In a recent study published in Nature Medicine, researchers introduced a new cardiovascular risk prediction algorithm.
Study: Development and validation of a new algorithm for improved cardiovascular risk prediction. Image Credit: Basicdog/Shutterstock.com
Background
Cardiovascular disease (CVD) remains the leading cause of death worldwide. International guidelines recommend using risk prediction tools targeting at-risk populations for interventions.
European, the United States (US), and the United Kingdom (UK) guidelines recommend systematic coronary risk evaluation 2 (SCORE2), atherosclerotic CVD (ASCVD) score, and QRISK3, respectively.
Notably, recent studies have highlighted conditions linked to high CVD risk, such as cancer, down syndrome, and learning disability, among others, that these tools do not capture.
Current tools will underestimate risk if these conditions are independently associated with higher CVD risk. As such, people diagnosed with these conditions may not have the opportunity for beneficial interventions. Moreover, if overestimated, people may receive unnecessary interventions.
The study and findings
In the present study, researchers developed and validated a new CVD risk prediction tool, QR4. They used the data from the Clinical Practice Research Datalink (CPRD) GOLD and QResearch databases. Derivation and validation cohorts were generated using QResearch practices in England.
In addition, a second validation cohort was formed using the CPRD GOLD practices from Wales, Northern Ireland, and Scotland. Individuals aged 18–84 between 2010 and 2021 were included.
Subjects with preexisting CVD, those missing deprivation data, and those taking statins were excluded. Participants were followed up until the diagnosis of CVD, death, or the end of the study.
The primary outcome was incident CVD, i.e., non-fatal or fatal myocardial infarction, transient ischemic stroke, ischemic/hemorrhagic stroke, or ischemic heart disease.
Secondary outcomes included coronary heart disease-related death, non-fatal myocardial infarction, and non-fatal or fatal stroke.
Tertiary outcomes were similar to secondary outcomes but additionally included cardiac arrhythmias, hypertension, and fatal congestive cardiac failure. The performance of QR4, ASCVD, and SCORE2 was compared using three outcome definitions.
Established risk factors from SCORE2, ASCVD, and QRISK3, as well as new candidate variables from the literature, were included as predictor variables. Cause-specific Cox models estimated the 10-year CVD risk, accounting for non-CVD mortality as a competing risk for males and females. Besides, three additional models (A–C) were developed.
Model A covered QRISK3 parameters without accounting for competing risks, and model B was similar to the main model, but the follow-up ended before the coronavirus disease 2019 (COVID-19) pandemic. In contrast, time since cancer diagnosis was included as a predictor variable in model C.
A decision curve analysis evaluated the net benefit of QR4 relative to model A and QRISK3, accounting for competing risks.
Findings
The QResearch derivation and validation cohorts comprised more than 9.97 and 3.24 million individuals, respectively, while the CPRD validation cohort comprised 3.54 million subjects.
The cohorts were generally similar, except that the QResearch cohorts had more complete data on body mass index (BMI), cholesterol, smoking, and ethnicity than the CPRD cohort. Within the derivation cohort, there were 202,424 cases of incident CVD.
In 2020, CVD rates were lower at 4.03 per 1,000 person-years but returned to pre-COVID-19 levels (4.31) in 2021. Non-CVD mortality rates increased between 2019 (3.45 per 1000 person-years) and 2020 (3.84) and remained elevated in 2021.
The team identified seven novel CVD predictors for females and males – lung, blood, brain, and oral cancers, learning disability, Down syndrome, and chronic obstructive pulmonary disease (COPD).
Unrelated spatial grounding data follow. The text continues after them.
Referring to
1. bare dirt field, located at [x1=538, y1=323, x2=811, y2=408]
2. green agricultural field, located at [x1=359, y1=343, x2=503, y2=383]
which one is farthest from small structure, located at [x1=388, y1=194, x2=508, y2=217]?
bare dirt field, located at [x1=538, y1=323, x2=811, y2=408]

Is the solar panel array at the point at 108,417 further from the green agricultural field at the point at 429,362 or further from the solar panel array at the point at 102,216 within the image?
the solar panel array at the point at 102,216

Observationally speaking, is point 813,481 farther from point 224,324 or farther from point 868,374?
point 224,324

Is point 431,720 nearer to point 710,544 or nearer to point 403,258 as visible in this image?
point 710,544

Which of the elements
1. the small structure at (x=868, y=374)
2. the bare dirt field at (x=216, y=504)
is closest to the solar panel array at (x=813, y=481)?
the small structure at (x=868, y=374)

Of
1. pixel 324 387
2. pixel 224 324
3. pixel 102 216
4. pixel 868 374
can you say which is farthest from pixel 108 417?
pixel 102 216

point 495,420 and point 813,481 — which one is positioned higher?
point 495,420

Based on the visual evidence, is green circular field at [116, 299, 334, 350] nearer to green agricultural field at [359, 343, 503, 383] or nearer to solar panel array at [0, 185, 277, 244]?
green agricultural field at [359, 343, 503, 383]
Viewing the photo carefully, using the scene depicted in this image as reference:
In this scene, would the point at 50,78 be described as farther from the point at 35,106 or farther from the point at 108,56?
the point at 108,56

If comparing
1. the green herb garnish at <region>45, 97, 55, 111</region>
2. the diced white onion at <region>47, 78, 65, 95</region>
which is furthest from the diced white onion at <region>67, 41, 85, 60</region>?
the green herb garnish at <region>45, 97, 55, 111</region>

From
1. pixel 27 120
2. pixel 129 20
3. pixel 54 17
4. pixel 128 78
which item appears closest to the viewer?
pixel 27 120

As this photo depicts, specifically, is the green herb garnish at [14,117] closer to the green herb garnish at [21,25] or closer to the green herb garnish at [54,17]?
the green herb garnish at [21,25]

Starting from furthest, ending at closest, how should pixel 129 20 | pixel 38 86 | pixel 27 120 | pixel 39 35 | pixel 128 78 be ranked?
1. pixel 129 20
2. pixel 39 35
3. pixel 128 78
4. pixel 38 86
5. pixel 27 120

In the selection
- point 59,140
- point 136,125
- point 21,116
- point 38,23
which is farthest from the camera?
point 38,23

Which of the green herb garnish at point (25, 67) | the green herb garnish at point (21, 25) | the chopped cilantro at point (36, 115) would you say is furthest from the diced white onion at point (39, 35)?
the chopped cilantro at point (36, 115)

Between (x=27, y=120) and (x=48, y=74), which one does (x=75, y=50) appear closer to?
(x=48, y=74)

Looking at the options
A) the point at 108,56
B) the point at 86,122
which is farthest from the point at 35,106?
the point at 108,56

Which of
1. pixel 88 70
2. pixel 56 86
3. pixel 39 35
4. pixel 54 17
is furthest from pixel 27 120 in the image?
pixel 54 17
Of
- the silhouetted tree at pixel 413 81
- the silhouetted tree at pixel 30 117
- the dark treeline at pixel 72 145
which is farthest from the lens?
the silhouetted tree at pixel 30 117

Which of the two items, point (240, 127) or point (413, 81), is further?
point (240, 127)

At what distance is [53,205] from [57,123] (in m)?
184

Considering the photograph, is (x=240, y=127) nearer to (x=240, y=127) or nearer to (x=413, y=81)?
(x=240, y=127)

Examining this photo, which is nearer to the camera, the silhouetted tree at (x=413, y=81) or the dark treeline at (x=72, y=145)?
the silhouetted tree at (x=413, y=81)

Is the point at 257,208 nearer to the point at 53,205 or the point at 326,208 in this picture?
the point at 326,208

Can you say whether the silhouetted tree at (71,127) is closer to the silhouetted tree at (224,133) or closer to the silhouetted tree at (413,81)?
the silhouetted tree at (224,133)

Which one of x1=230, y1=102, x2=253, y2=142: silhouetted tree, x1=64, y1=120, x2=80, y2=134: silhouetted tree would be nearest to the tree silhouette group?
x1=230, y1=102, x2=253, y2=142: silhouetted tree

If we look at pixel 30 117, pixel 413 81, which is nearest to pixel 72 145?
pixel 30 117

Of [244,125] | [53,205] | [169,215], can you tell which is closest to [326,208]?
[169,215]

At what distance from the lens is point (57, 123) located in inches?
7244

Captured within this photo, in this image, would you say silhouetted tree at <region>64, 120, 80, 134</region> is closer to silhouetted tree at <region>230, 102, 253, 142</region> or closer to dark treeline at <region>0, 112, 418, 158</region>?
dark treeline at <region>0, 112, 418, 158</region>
Further, there were two additional predictors for females – postnatal depression and preeclampsia. CVD risk in both sexes was not associated with asthma, hypothyroidism, hyperthyroidism, and antiphospholipid antibody syndrome, among others.
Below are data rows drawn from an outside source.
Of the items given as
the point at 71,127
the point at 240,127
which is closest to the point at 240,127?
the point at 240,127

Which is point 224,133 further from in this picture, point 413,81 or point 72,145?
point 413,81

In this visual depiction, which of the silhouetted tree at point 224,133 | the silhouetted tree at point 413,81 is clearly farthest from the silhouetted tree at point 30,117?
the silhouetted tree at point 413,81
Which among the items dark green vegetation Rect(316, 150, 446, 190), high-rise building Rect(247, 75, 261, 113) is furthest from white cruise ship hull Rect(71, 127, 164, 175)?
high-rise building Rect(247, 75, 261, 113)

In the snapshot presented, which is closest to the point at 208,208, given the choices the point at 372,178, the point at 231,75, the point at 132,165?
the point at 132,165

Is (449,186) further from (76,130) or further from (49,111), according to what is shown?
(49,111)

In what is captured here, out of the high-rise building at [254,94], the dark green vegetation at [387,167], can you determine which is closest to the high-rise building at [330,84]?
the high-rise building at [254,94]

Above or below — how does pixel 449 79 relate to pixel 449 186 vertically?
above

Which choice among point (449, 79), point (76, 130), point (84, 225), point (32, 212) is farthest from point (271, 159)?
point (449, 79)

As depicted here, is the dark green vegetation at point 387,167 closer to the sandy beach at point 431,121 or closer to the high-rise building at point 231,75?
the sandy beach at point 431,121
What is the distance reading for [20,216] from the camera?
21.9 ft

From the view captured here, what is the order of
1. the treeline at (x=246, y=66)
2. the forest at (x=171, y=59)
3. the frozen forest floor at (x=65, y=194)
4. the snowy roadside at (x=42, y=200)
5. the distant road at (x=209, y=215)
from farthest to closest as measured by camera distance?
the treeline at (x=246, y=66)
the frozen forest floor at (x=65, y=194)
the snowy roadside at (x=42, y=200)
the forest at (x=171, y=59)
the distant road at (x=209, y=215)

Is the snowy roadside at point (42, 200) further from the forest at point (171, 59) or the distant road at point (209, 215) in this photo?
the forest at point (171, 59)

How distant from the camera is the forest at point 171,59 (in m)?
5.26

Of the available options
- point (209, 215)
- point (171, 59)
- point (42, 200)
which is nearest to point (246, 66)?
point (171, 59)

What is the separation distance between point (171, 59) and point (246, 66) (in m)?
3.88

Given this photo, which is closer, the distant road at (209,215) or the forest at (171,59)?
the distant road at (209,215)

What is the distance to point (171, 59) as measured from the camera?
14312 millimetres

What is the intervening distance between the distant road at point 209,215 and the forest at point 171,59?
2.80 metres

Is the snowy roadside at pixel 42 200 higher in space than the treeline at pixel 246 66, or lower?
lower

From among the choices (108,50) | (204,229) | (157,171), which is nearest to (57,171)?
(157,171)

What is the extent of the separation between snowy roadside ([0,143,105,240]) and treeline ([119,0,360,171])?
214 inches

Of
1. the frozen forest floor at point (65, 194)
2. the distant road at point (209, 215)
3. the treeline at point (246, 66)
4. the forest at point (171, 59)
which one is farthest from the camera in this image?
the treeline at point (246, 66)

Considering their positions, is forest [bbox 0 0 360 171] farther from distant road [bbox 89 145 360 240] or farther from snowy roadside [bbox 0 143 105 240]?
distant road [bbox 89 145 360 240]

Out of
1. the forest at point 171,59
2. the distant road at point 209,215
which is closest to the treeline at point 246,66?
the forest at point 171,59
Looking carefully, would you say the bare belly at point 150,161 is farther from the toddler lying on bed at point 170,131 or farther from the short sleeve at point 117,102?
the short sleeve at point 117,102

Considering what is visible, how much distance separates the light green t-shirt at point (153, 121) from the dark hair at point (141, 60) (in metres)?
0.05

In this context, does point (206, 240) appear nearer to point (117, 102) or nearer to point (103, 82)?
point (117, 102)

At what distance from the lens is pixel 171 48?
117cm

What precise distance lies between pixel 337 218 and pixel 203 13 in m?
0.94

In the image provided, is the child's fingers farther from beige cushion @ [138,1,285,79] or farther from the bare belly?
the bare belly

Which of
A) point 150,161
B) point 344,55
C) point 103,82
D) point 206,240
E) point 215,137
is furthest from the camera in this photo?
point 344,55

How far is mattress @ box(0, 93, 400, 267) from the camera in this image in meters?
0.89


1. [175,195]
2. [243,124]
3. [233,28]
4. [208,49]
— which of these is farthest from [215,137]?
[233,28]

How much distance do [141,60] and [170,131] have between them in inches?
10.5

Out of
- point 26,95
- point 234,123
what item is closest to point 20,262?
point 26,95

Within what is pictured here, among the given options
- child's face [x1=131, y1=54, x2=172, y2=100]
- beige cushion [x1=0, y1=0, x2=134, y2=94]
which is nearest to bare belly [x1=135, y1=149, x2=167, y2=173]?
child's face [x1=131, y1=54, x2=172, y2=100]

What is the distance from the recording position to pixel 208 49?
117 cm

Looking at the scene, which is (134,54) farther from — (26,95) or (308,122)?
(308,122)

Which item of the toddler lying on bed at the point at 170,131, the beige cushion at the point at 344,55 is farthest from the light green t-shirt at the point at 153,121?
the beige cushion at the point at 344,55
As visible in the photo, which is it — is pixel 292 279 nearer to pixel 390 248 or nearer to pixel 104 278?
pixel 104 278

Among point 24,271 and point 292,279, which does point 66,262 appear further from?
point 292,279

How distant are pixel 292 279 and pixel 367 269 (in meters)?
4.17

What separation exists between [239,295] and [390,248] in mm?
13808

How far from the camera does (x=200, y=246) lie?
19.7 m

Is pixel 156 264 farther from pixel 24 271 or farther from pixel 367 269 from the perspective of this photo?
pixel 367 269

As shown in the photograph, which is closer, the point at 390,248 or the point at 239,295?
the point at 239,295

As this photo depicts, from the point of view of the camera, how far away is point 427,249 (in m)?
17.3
In females, CVD risk was not associated with endometriosis, in vitro fertilization, miscarriage, gestational diabetes, placental abruption, and polycystic ovarian syndrome.
The adjusted hazard ratios for several predictors, except for lung cancer, were higher at younger ages in females. The adjusted hazard ratios for blood and brain cancers declined with age in males. Estimates from the three additional models were similar to the main model.
The decision curve analysis suggested a slightly greater net benefit with QR4 than models A and QRISK3. QR4 was also more accurate than SCORE2 and ASCVD risk scores.
Conclusions
The researchers developed and validated QR4, a new CVD risk score incorporating nine novel predictors.
It can predict the 10-year CVD risk in both males and females. Its performance was more accurate than other CVD risk scores. Besides, QR4 accounts for competing risks (non-CVD death), reducing the overprediction of risks.
Overall, these findings may lead to significant improvements in health outcomes.